Les curés ne furent plus libres d'utiliser des liasses à leur initiative et convenance pour chaque catégorie d'acte. Ils durent enregistrer baptême, mariage et sépultures dans un registre unique, coté et signé par le juge royal.

Au fil du temps les contraintes de l’administration royale se durcirent encore davantage. Bientôt il fallut utiliser des liasses de papier timbré. En fin d’année il était effectué une copie. Elle était déposée au greffe de Limoux. Tous les frais de constitution des registres restaient à la charge de la paroisse. Ils étaient réglés par la « fabrique » sur les fonds affectés à l'entretien de l'église.

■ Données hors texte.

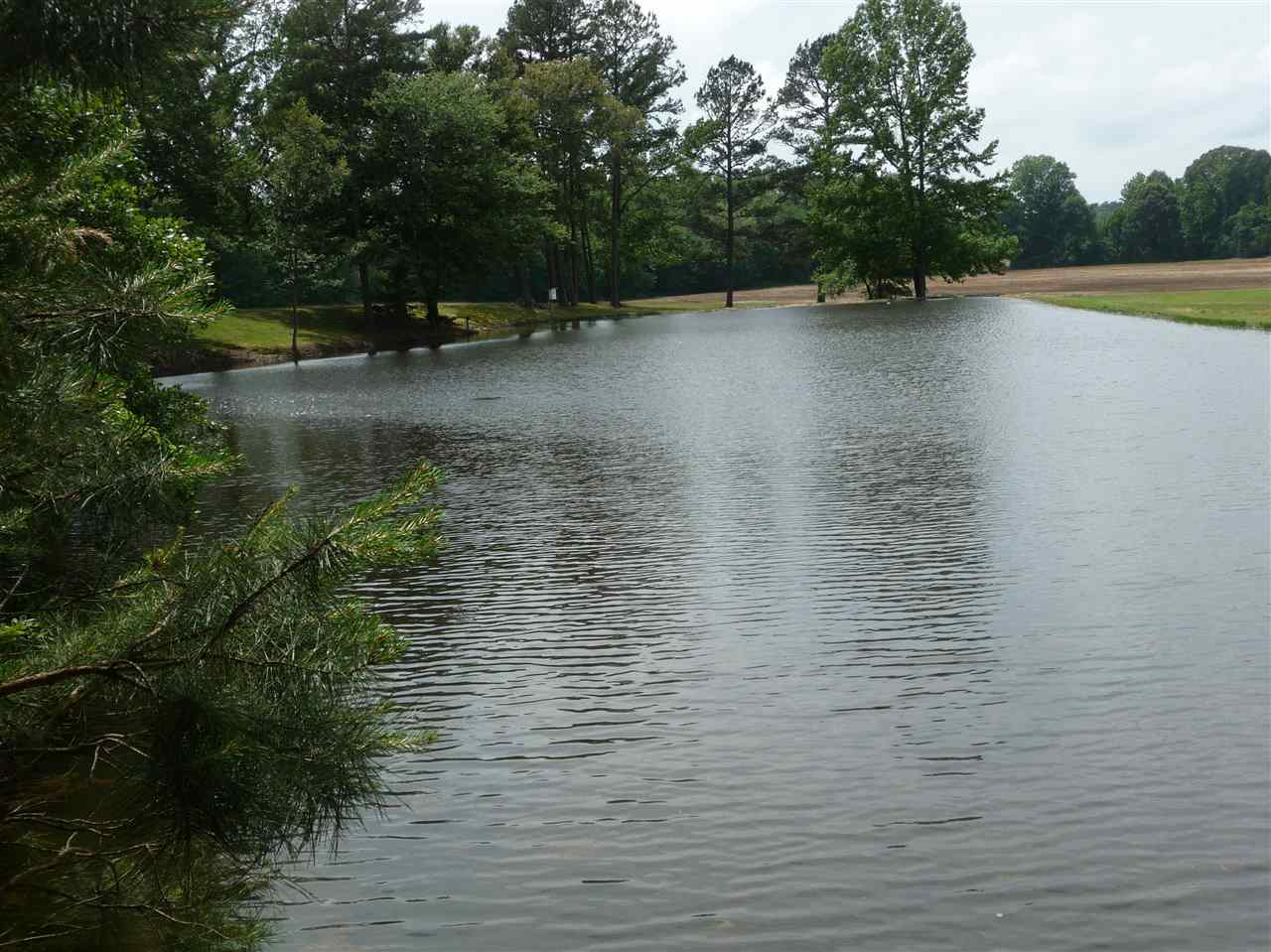 735 Harris Road Bolivar, TN 38008 - Photo 24 of 25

Les registres de 1695 portent le sceau de la Généralité de Toulouse marqué à la valeur de seize deniers. Celles de 1700 portent un sol quatre deniers.

 

 

 A Tréziers, vraisemblablement par mesure d'économie, on voit certains recteurs réduire la forme des actes à la plus simple expression. Ils faisaient fi des ordonnances royales. Pour les mariages, afin de faire plus court, ils ne portaient ni la parenté ni les témoins. Les sépultures indiquaient seulement le nom du défunt et la date de la conduite au cimetière. Il arriva même, pendant quelque temps, que par économie de papier, l'écriture devint minuscule, atteignant la limite de la lisibilité. 

Sous le règne de Louis XV l'ordonnance de 1736 apporta une dernière amélioration. Elle demandait l'enregistrement simultané des actes sur deux registres. Il n’y avait plus copie. Les deux eurent valeur d'acte authentique.  

Autre fonction du curé : être le représentant du Roi dans sa paroisse. A la grand-messe du dimanche il lisait ou faisait lire les ordonnances royales.

Lorsqu’en 1723, à la demande du Roi, le marquis Gaston Charles Pierre de Lévis doit dénombrer ses possessions dans la seigneurie de Mirepoix, il en est fait la publication, pendant trois dimanche de suite, à la grand-messe. Le curé était chargé de rédiger le certificat de publication qui fut transmis au juge mage de Limoux.

C'est aussi à la fin de l’office dominical qu’étaient annoncés par le baile du marquis de Mirepoix les ventes ou les changements de mains.
 

C'était le curé qui agréait, la sage-femme, que les paroissiens allaient quérir pour assister leurs épouses en passe d'enfanter. Il choisissait, parmi ses paroissiennes, une femme pratiquante de bonne moralité.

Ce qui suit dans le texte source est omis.